▸ WHAT THE TASK ASKS: Transcribe exactly, and without pictures, only the lines from the one bearing "XNBAG156BL BORSA NOTEBOOK" through the final line of the data below.

▸ INFORMATION SHOWN:

= Beginning of Section =

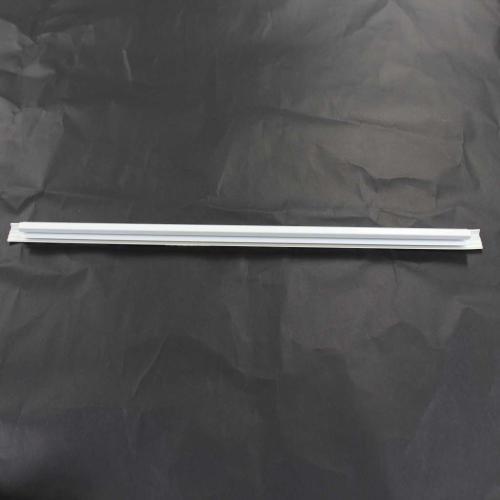 SDW10805899 w10805899-trim-shelf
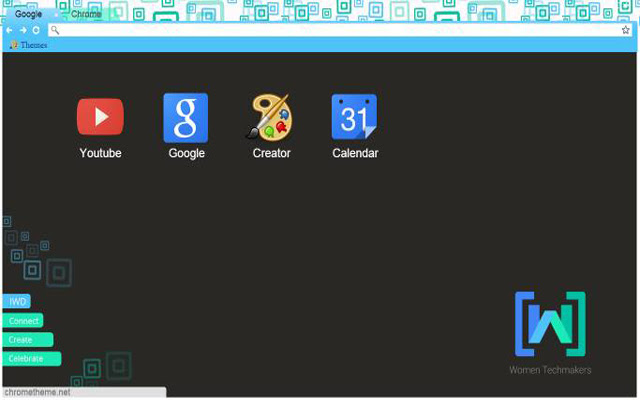 IWD Women Techmaker 15 Black from Chrome web store to be run with OffiDocs Chromium online IWD Women Techmaker 15 Black from Chrome web store to be run with OffiDocs Chromium online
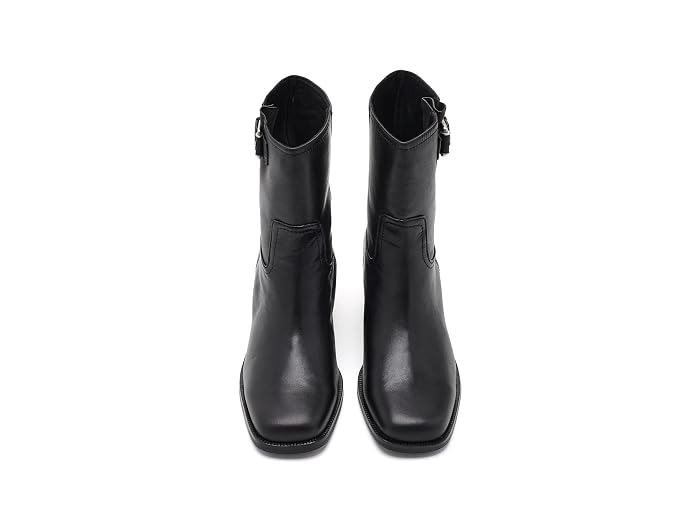 Vince London - Image 2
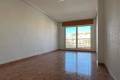 Sale - Apartment - Los Alcázares - Los Alcazares Centro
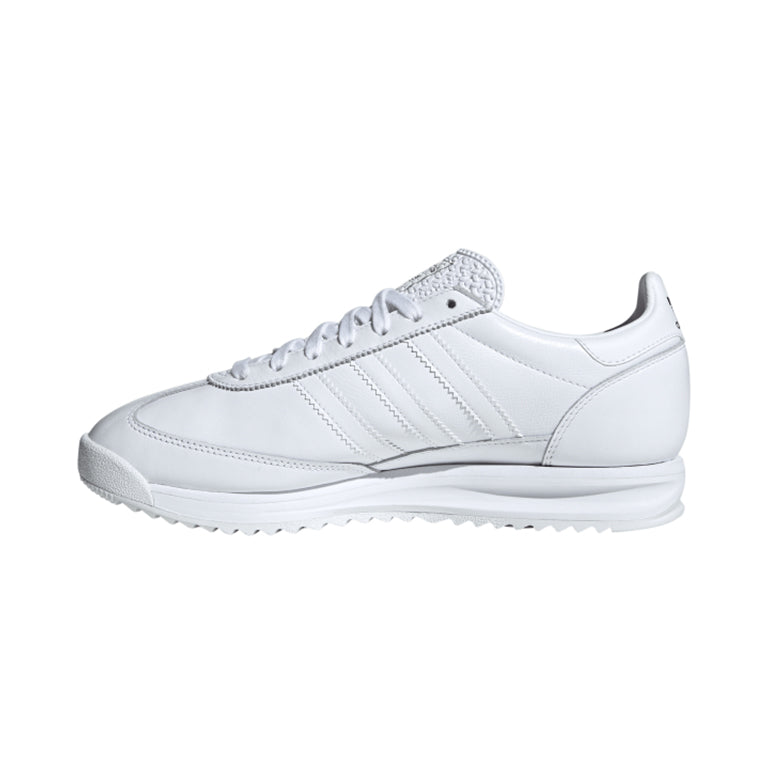 adidas SL 72 RS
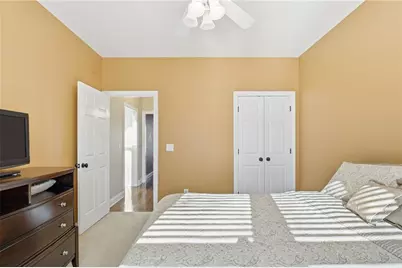 718 Settlers Crossing, Canton, GA 30114 - Photo 25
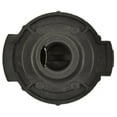 thumbnail image 3 of SMP DR327T Distributor Rotor, 3 of 4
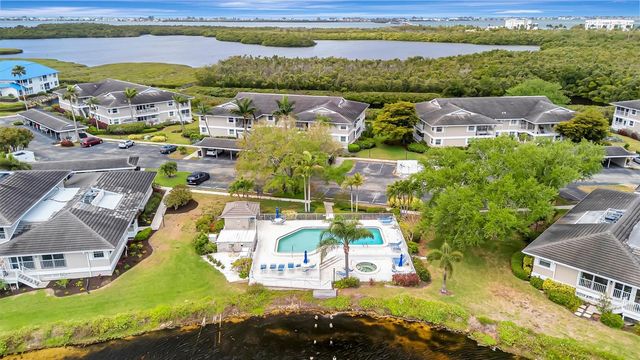 634 ESTUARY DRIVE 634, Bradenton, FL 34209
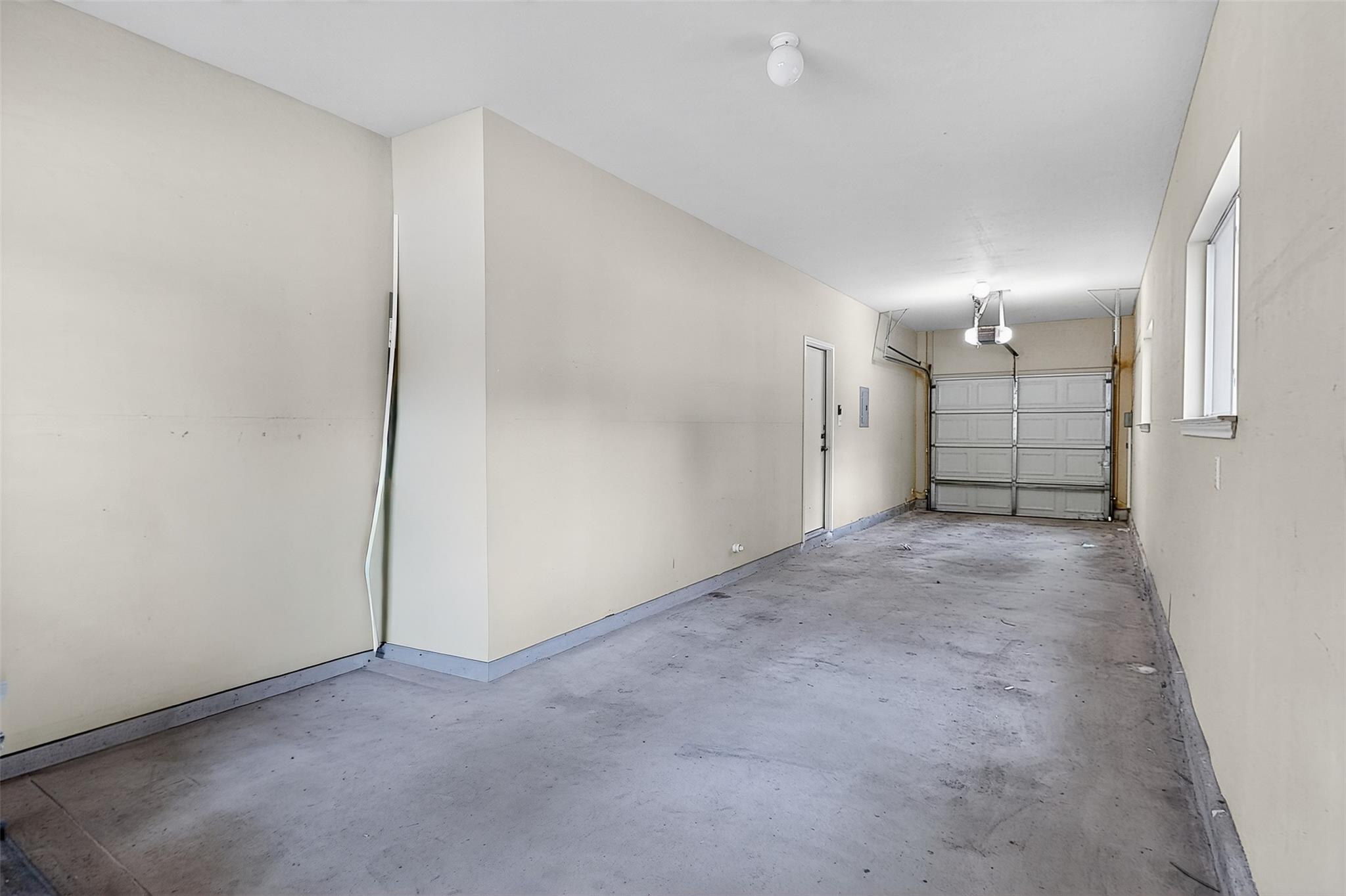 319 Bandstand Ln, Cedar Park, TX 78613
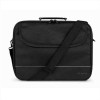 XNBAG156BL BORSA NOTEBOOK FINO A 15.6" CON TRACOLLA
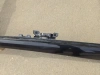 Крыша Kia Sportage QL 2015-2021 OEM 67116-F1300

= End of Section =

▸ ANSWER SECTION:
 XNBAG156BL BORSA NOTEBOOK FINO A 15.6" CON TRACOLLA
 Крыша Kia Sportage QL 2015-2021 OEM 67116-F1300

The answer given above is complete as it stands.